= MESUR =

NASA program designed to explore Mars

MESUR (Mars Environmental SURvey) was a NASA program designed to explore Mars in preparation for human follow-up missions of the Space Exploration Initiative. The only mission of the program that was completed was MESUR Pathfinder.

==History==
MESUR was a planned set of 16 surface missions on Mars that would also set up a planetary network across Mars and work in conjunction with Mars Observer. The original plan was proposed by NASA Ames, but it would eventually include ideas from the competing JPL proposal. It was envisioned as a low-cost method of surveying Mars, with risk tolerance, since a loss of a spacecraft was not fatal to the program, because of multiple relatively cheap space probes.

MESUR Pathfinder would be the "pathfinder" mission for the MESUR program. MESUR regular missions would start landing in 1999. The multi-year MESUR would have 16 more landers, landing in the projected period of 1999-2003, and lasting 10 years. Launches would start in 1996. Several of the landers would carry Sojourner-class rovers. The entire program was projected at a cost of $1 billion US, with per annum spending restricted to $150 million US, starting in FY1994. They were planned to be low-cost missions to Mars, instead of multibillion-dollar missions.

The rovers and landers would have instruments and cameras to examine surface rocks, search for water, perform seismography, and observe meteorology. The seismology experiments would help determine the internal structure of Mars.

After Pathfinder, in 1999, four landers would be launched in a single rocket. At the next launch window in 2001, four more landers would again launch in on a single rocket. Finally in 2003, the last eight landers would launch on two rockets.

On 26 June 1992, NASA unveiled the prototype for Mars Sojourner, Rocky IV, on the 25th anniversary of the first US lunar lander.

After the loss of Mars Observer, the MESUR program was shelved, and Pathfinder became part of the NASA Discovery Program.

==Missions==

===MESUR Pathfinder===

The MESUR Pathfinder was launched on December 4, 1996 by NASA aboard a Delta II. After a 7-month voyage it landed on Ares Vallis, in a region called Chryse Planitia on Mars, on 4 July 1997. During its voyage the spacecraft had to accomplish four flight adjustments on 10 January, 3 February, 6 May and 25 June. The lander opened, exposing the rover called Sojourner that would go on to execute many experiments on the Martian surface.

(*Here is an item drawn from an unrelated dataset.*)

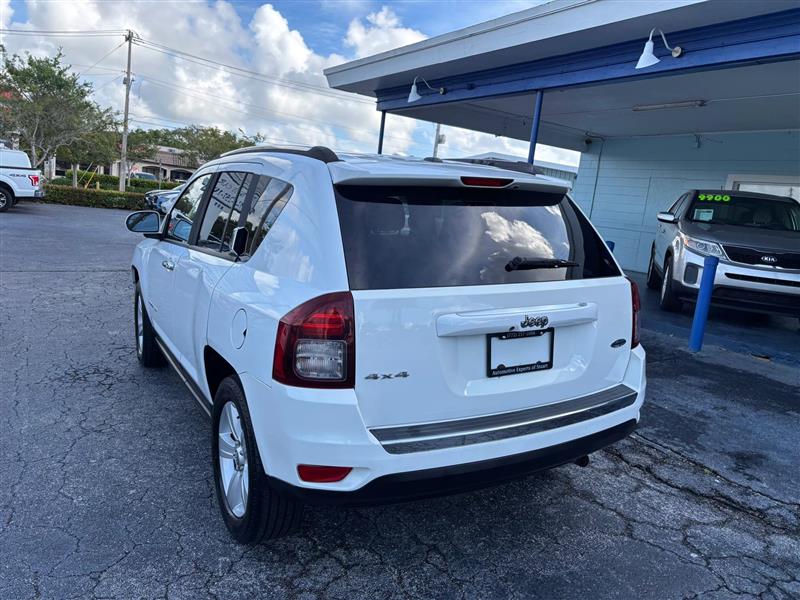 2015 Jeep Compass Latitude photo 3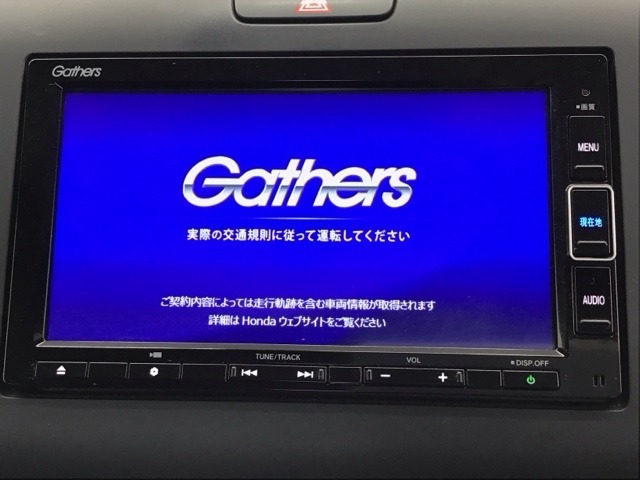 純正メモリーインターナビ付きです！CD・DVD再生、ミュージックサーバー、フルセグTV視聴、Bluetooth・ミュージックプレーヤー接続可能です！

Although the mission was programmed to last a week to a month, it eventually lasted for almost three months. The final contact with the Pathfinder was at 10:23 UTC on September 27, 1997. Although the mission planners tried to restore contact during the following five months, the successful mission was terminated on March 10, 1998. After the landing, the Mars Pathfinder was renamed the Sagan Memorial Station in honor of the famous astronomer and planetologist Carl Sagan. The mission had exceeded its goals in the first month.